Antisemitismus steigt seit 2020
Die für 2024 ermittelte Zahl ist die bislang höchste in der 2020 begonnenen Zählung des Vereins. Rechnerisch ereigneten sich pro Tag knapp 24 Vorfälle – und es deutet sich kein Abflauen an: „Im Gegenteil, die Lage für Jüdinnen und Juden in Deutschland hat sich weiter verschärft”, sagte die wissenschaftliche Referentin beim Rias, Bianca Loy.
Der Bericht zeigt, dass viele Vorfälle dem israelbezogenen und Post-Schoah-Antisemitismus zuzuordnen sind. Darunter fallen auch Aussagen, die Parallelen zum Nationalsozialismus ziehen, oder relativierende Aussagen über den Holocaust.
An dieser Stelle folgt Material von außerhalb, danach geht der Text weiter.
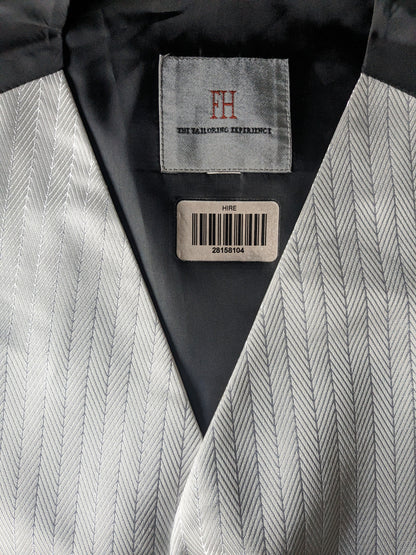 Gilet FH. Motif de couleur argent blanc. Taille S.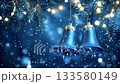 Festive blue christmas bells hanging on a fir tree branch with glowing lights, swinging gently as snowflakes fall against a magical, dark, shimmering background with beautiful bokeh effect 133580149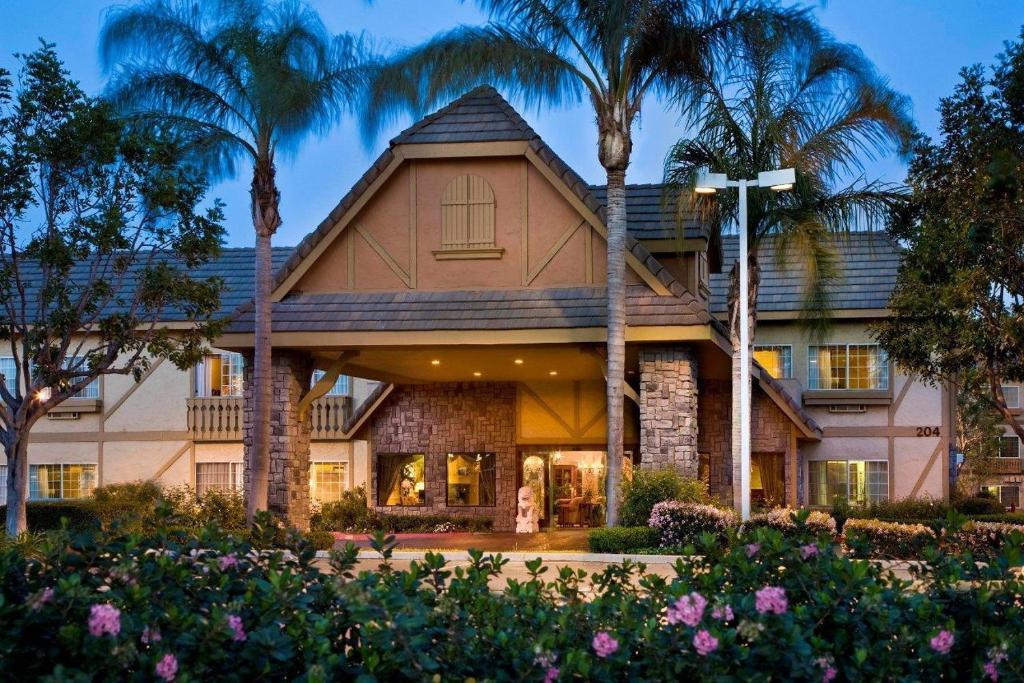 a house with palm trees in front of it at Folk Inn Ontario Airport in Ontario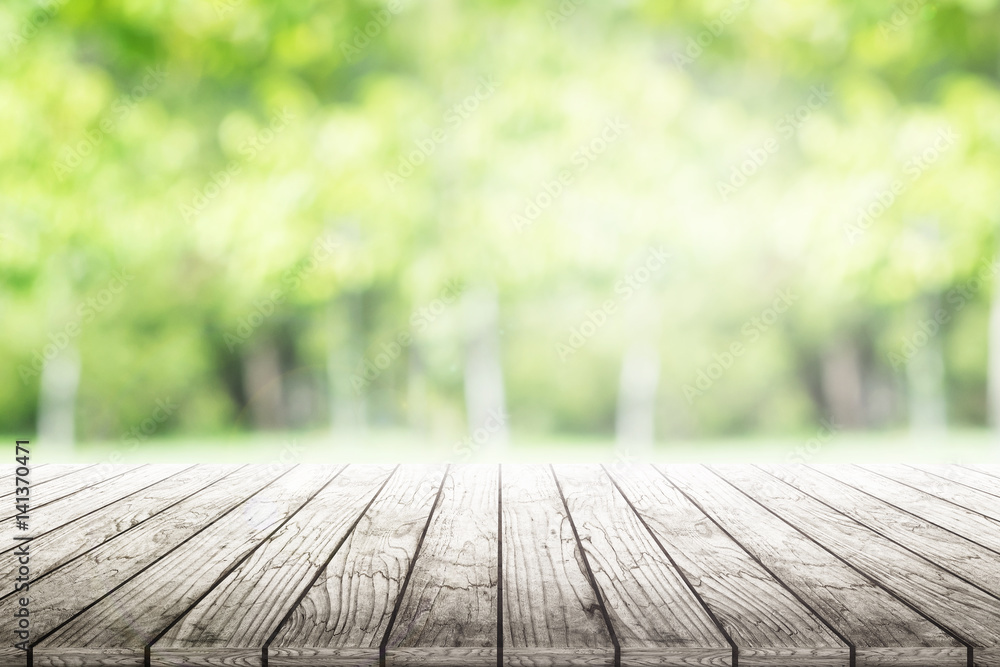 Empty wooden table with party in garden background blurred. Empty wooden table with party in garden background blurred.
Nie zuvor wurden uns mehr antisemitische Vorfälle auf der Straße, in Bildungseinrichtungen, an Gedenkorten oder im Internet bekannt.
sagte Steinitz
Antisemitische Überzeugungen seien aus unterschiedlichen Motiven weit verbreitet, sagte der baden-württembergischen Antisemitismus-Beauftragten Michael Blume. „Viele Ältere hegen Schuldkomplexe und versuchen sich dann durch NS-Gleichsetzungen zu entlasten. Und viele Jüngere informieren sich vor allem über TikTok und fallen dort auf hetzerische Propaganda herein.” Der digitale Antisemitismus, in dem sich die verschiedensten, judenfeindlichen Strömungen vermischten, dominiere ganz klar, sagte Blume.
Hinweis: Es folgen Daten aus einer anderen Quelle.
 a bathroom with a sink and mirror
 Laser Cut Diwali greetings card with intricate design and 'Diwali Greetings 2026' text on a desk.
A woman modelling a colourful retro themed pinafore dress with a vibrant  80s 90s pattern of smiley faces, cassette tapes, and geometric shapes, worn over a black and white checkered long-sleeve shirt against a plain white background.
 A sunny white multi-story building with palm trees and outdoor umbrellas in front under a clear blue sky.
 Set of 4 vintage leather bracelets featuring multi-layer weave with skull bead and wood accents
Juden werden für Politik Israels verantwortlich gemacht
Am häufigsten erlebten Jüdinnen und Juden eine Täter-Opfer-Umkehr und eine Schuldumkehr, sagte Blume dem Evangelischen Pressedienst. Sie würden dabei für die Politik der israelischen Regierung verantwortlich gemacht, obwohl sie meist gar keine israelischen Staatsbürger seien und oft selbst etwa der Kriegsführung in Gaza kritisch gegenüberstünden. Nur sehr wenige Menschen in Deutschland – unabhängig vom Alter – hätten den enormen Unterschied zwischen persönlicher Schuld und gesellschaftlicher Verantwortung bedacht.
Bei Schuld geht es ja um die eigene Vergangenheit, Verantwortung lernt dagegen aus der Geschichte für die gemeinsame Zukunft.
sagt Michael Blume
Zudem werde unterschlagen, dass Israel 2005 den Gaza-Streifen geräumt und die Hamas am 7. Oktober 2023 den aktuellen Krieg mit einem Terrormassaker eröffnet habe und immer noch Geiseln halte. Blume beklagte eine mangelnde Solidarität mit Jüdinnen und Juden. „Gerade auch eher linksorientierte und etwa studierende Jüdinnen und Juden erleben oft eine Entsolidarisierung, wenn plötzlich etwa auch sexualisierte Gewalt gegen Frauen und Kinder als vermeintlicher 'Widerstand' verharmlost wird”, sagte er.